Appendix D. Eliminating the implicit dependence of the retarded time in the fields
In this appendix, we will specify the conditions that allow us to eliminate the implicit dependence of the retarded time in the fields of the dyon–solenoid configuration when the dyon is in uniform circular motion, i.e., \(t_r= t-|\mathbf{x} - \mathbf{x}_{qg}(t_r)|/c \rightarrow t_r=t-|\mathbf{x}|/c\). Since the retarded time in the field components (C22)–(C33) is only present in the functions \(\sin (\phi - \omega t_r)\) and \(\cos (\phi -\omega t_r)\), these functions are our quantities of interest.

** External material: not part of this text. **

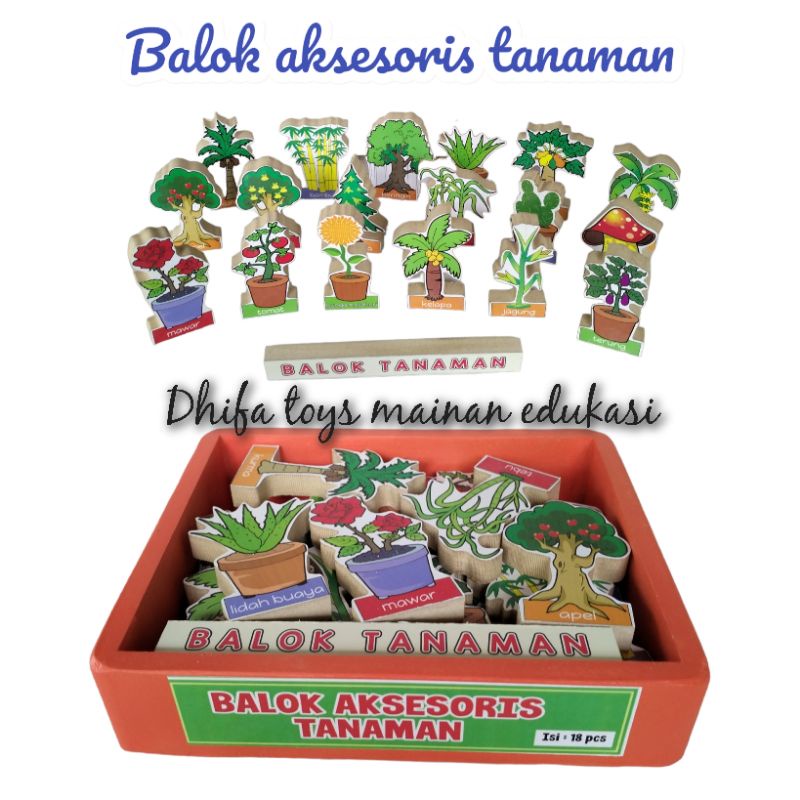 Balok Aksesoris Tanaman - Mainan Edukasi Kayu | Mainan Edukasi Alat Peraga Anak TK/Paud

We will see that under certain conditions we can make the replacements \(\sin [\phi - \omega (t_r=t-|\mathbf{x} - \mathbf{x}_{qg}(t_r)|/c)]\rightarrow \sin [\phi - \omega (t_r=t-|\mathbf{x}|/c)]\) and \(\cos [\phi - \omega (t_r=t-|\mathbf{x} - \mathbf{x}_{qg}(t_r)|/c)]\rightarrow \cos [\phi - \omega (t_r=t-|\mathbf{x}|/c)]\) and thus eliminate the implicit dependence of the retarded time in the fields.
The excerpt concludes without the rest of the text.